Das Tüfteln hat sich ausgezahlt. „Californian Soil“, das dritte Album von London Grammar, ist ihr bislang bestes. Auf bewundernswerte Weise meistert die Band das fragile Gleichgewicht zwischen Elektronik und symphonischen Sounds, erzeugt Spannung in diesem sich permanent verschiebenden Kraftfeld. Auch die Texte funktionieren auf mehreren Ebenen. So passt „Lord It's A Feeling“ auch auf die Situation von Frauen im männlich dominierten britischen Musikbusiness. Darauf, wie Künstlerinnen rekrutiert und wieder fallen gelassen werden. London Grammar sind 2013 sehr jung sehr erfolgreich geworden und haben dabei nicht immer die Kontrolle über ihre Geschicke gehabt. Die Zeile „I saw the way you made her feel like she should be somebody else“ könnte sich also auch auf die Svengalis der Musikindustrie beziehen, die cleveren Drahtzieher, die sich einen Spaß aus dem Erschaffen und Zerstören von Popstars machen. Hannah Reids alte Losung „I'm wasting my young years, it doesn't matter“, die sie 2013 in ihrem ersten Chartsong „Wasting My Young Years“ so leidenschaftlich sang, hat wohl für sie an Glanz verloren. „An einem bestimmten Punkt meiner Karriere habe ich meine Gesundheit geopfert, was nicht gut war“, sagt sie: „Nicht jeder kann permanent auf Tour gehen. Ich gehöre zu jenen, die viel Zeit zu Hause verbringen müssen, um sich wohlzufühlen.“

Auf dem neuen Album reflektieren London Grammar auch die ausgedehnte Amerika-Tournee nach ihrem zweiten Album. Von Amerikaklischees hat Reid, die sich ursprünglich von US-Stars wie Whitney Houston, Stevie Nicks und Christina Aguilera inspirieren ließ, genug. Sowohl der Titelsong „Californian Soil“ wie „America“, das in seiner schwebenden Ästhetik an Lana Del Rey erinnert, handeln vom Wert der eigenen Gefühle, die von Grenzüberschreitungen seitens anderer Menschen bedroht sind. „They keep on trying it“, singt Reid mit einer Stimme, die Glas schneiden könnte. „Leute respektieren deine Grenzen nicht und nützen dich aus“, erklärt sie: „Ich war lange Zeit nicht in der Lage, für meine Bedürfnisse einzustehen. Das hat mir viel Energie geraubt.“

Neues Selbstvertrauen

Die Energie ist mittlerweile wieder da. Reid hört auf keine Einflüsterer mehr. Die melodiöse Musik, die popmusikalische Amtskappeln gern unter dem Terminus Indietronica rubrizieren, strahlt dieses neue Selbstvertrauen aus. Die Rhythmen, die nie zu hektisch werden, geben dem Sound auf unmerkliche Art Erdung.

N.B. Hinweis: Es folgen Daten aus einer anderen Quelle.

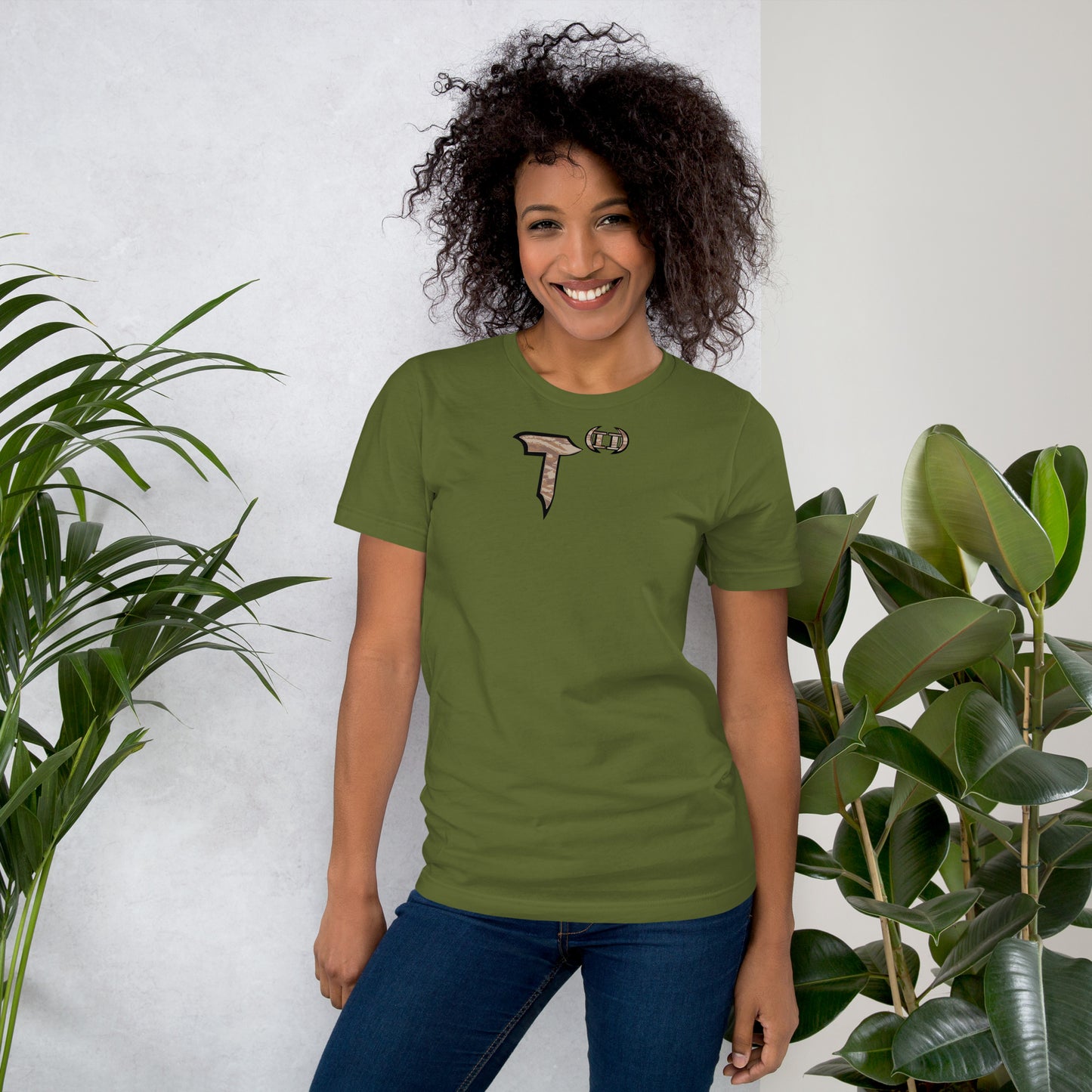 Unisex t-shirt "Silent Bee Deadly" Desert Rat Edition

Reid komponiert nicht nur, wenn es darum geht, ein Album aufzunehmen. Es ist ihr vielmehr zur täglichen Übung geworden, wie ihre Meditation. Über die Zukunft macht sie sich Gedanken, aber keine Sorgen: „Es splittet sich alles auf. Es gibt Künstler, die von Streaming leben, solche, die viele Tonträger verkaufen und schließlich welche, die hauptsächlich von ihren Auftritten leben. Es gibt nicht mehr nur ein einziges Karrieremodell. Dennoch ist es unerlässlich, dass die Streamingplattformen fairer mit den Künstlern umgehen. Wenn man sich ständig ums Geld sorgen muss, kann in der Kunst nichts Gescheites herauskommen.“ Gut, dass London Grammar da wenig Sorgen haben müssen. Ihre Alben schlagen verlässlich ganz oben in den Charts ein.